You may be thinking "they are only flash pots" but I have seen some pretty serious burns occur with these being used incorrectly.

Pyro is for surprising the audience only. Everyone else must be informed.


----------



## soundman (Jun 6, 2004)

> Pyro is for surprising the audience only. Everyone else must be informed.


 Well said.


----------



## digitaltec (Jun 6, 2004)

Under state and federal laws, any use of pyro must be cleared by the fire dept. and promoters of the event. If you use pyro without permits... you will have to deal with the ATF and it's not fun. Dont need to go into that story now do I. Dont even get me started on the zip lines. :roll:


----------



## wolf825 (Jun 6, 2004)

Oh my...this feels like The Station all over again... The last thing folks want with Pyro is SURPRISES. Insurance needs must be handled, proper folks informed, proper variances and safe-distances established..pyro licenses and a ton of other things...and I'm with Digitaltec..I won't even begin to get started about the zip lines. 

Good luck...
-w


----------



## ricc0luke (Jun 7, 2004)

Of course.... we are familar with the local regulations regarding pyros... and yes... the board lazion will know about the flash pots... Why anyone would not tell the cast and crew about pyros on the set would be beyond me....

maybe the first post didn't come off right...
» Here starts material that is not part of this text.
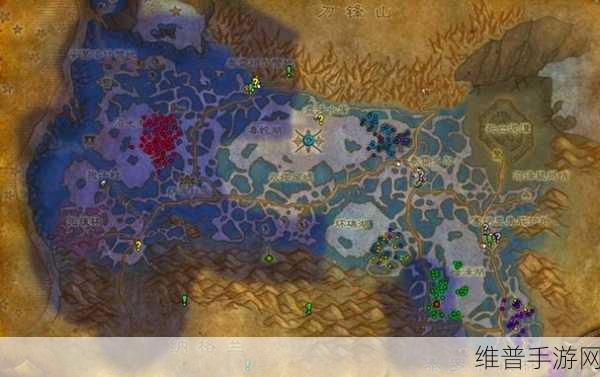 魔兽世界公会声望怎么刷的快:提升魔兽世界公会声望的快速方法与技巧分享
we are doing all that we can to comply with regulations and telling everyone that NEEDS to know....


----------



## Mayhem (Jun 7, 2004)

Thanks for the update and I apologise for seeming a little heavy on my safety spiel. However, from your first post it did read (to me at least) that you were hatching a ‘bold and cunning plan’ and were going to surprise everyone on the night. I am very glad to hear that I was wrong on this matter.

As I am sure you can appreciate, the overriding concern here was safety – yours, your cast and crew and of course the public. We have a pyro system in Western Australia, which is rapidly going through changes that are aimed at tightening up the regulations and increasing the professionalism of not only the operators but the governing body as well. The trouble is that is use to be quite easy to get your theatrical pyro ticket (indoor product only) and people were getting this and then going off and doing stupid things. When this happens, it makes it harder for those of us in the profession who do the right thing day in and day out.

(just some background info on where I am coming from).

After all that is said and done – good luck with the show and let me know how the show goes.


----------